The Prep Work: A Culinary School Graduation Speech
As one of four selected student speakers, it was quite an honor to address the Auguste Escoffier School of Culinary Arts graduating class of Fall, 2022 in Boulder, Colorado. Unfortunately, I do not have a quality video recording of my graduation speech. I still wanted to share it publicly, so here it is:
"I can’t believe we’ve made it to graduation! Time flies when you’re…crying in the walk-in. Just kidding! We cried on the way home. We’re professionals. My name is Chris Marhevka. I am a culinary arts graduate in this class. I’m so grateful to get the opportunity to speak to all of you today.
In preparing for this speech, I couldn’t help but recall a quote I learned in Chef Steven Nalls’ class by French lawyer and politician Jean Anthelme Brillat-Savarin, who wrote “The Physiology of Taste.” He said, “Tell me what you eat and I will tell you what you are.”
Let’s really think about that. What did we eat before we started here? Who were we when we got to this school? Think back to your first couple classes. Some of us took a solid 5 minutes to small dice a single onion. Of course, others were already years into their culinary career, cooking circles around the newbies. Some people have known all their lives that they wanted to be here, and others, like myself, made a career change after a considerable amount of time in other fields. But we all had one thing in common, a love for food. The culinary arts can be such a unifier, because it is a perfect blend of culture, art, science, history, and innovation. Food tells a story. It tells us where we’ve been and points to where we’re headed.
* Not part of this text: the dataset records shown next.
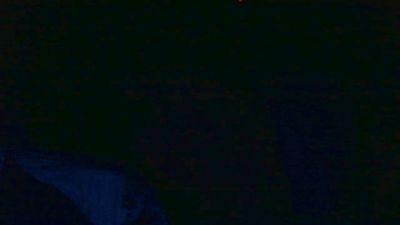 kevinchan001 webcam model stream image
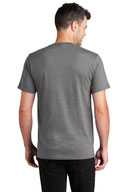 Port & Co  ®  Fan Favorite  ™  Blend Tee. PC455
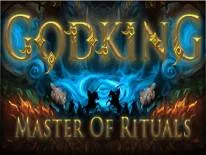Truques de Godking: Master of Rituals para PC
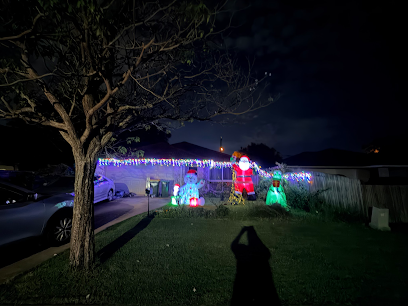 274669457999999981531409947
I mean, just take a look at who you became while you made your way through this program. We were all just a chaotic mirepoix of personality, trying our best to make successful dishes. Being 5 minutes late to plate-up. Burning things. Leaving knives in the dish pit. You know who you are. Starting recipes over and over…and over. I swear, words like “rustic” or “homestyle” started to sound like slurs. But as the courses continued and our spicy personality quirks mellowed, we deepened our connections to one another. We learned how to collaborate, showcase each others’ strengths, and lend support to classmates “in the weeds.” We embraced the true meaning of teamwork and found honor in hospitality. I truly hope you continue on that sense of community beyond the classrooms. The culinary world is beautiful and thrilling, but it can also be tough and exhausting. Taking pride in how you carry yourself inside and outside of the kitchen demonstrates leadership, maturity, kindness, and a much-needed levity that will strengthen your emotional stamina in this industry. And I promise, it will build you a network of colleagues that will champion your success.
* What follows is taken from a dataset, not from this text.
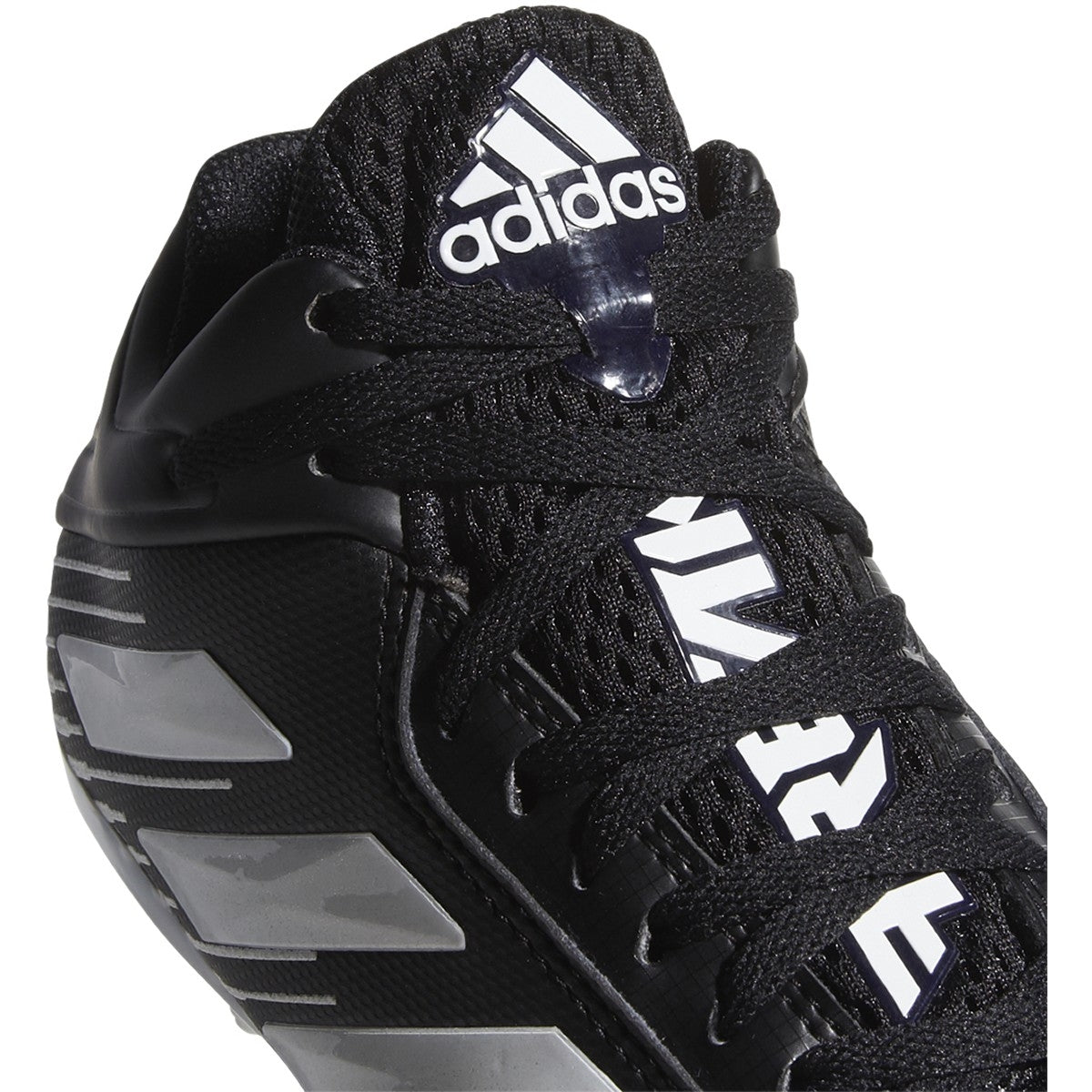 adidas Freak Ghost 20 Cleat - Junior's Football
Now, this accomplishment -The diploma; The degree; Being here. Finishing culinary school is something of which to be extremely proud. I’m sure a lot of myths were debunked during your time here. No, culinary school doesn’t make you an instant chef/owner. It doesn’t automatically catapult you to food network fame. But hopefully, you can all recognize that Escoffier has laid an invaluable foundation for your learning. By completing this program, you have been able to lean into your passions and think critically in areas of hospitality, business, marketing, artistry, and community outreach. You now have the mise en place for your professional growth. Many of you have already begun to carve out a lane for yourselves. You’ve done the prep work. You’re set up for success. We’re now at the quiet hum before service. Next comes the thrill of the show.
“Tell me what you eat, and I will tell you what you are.” Hold this idea close as you advance your careers. What you create and provide for others will say so much about you. I’ve had the pleasure of getting to know many of you, students and chefs alike, by watching you work, tasting your food, and witnessing your brilliance. So go ahead, tell the world! Tell them what you eat. Tell them what you cook. Show them how it’s done. Your guests will take notice. And then they will understand who you are. I, for one, look forward to seeing what you bring to the table. I know it will be remarkable. Thank you and congratulations."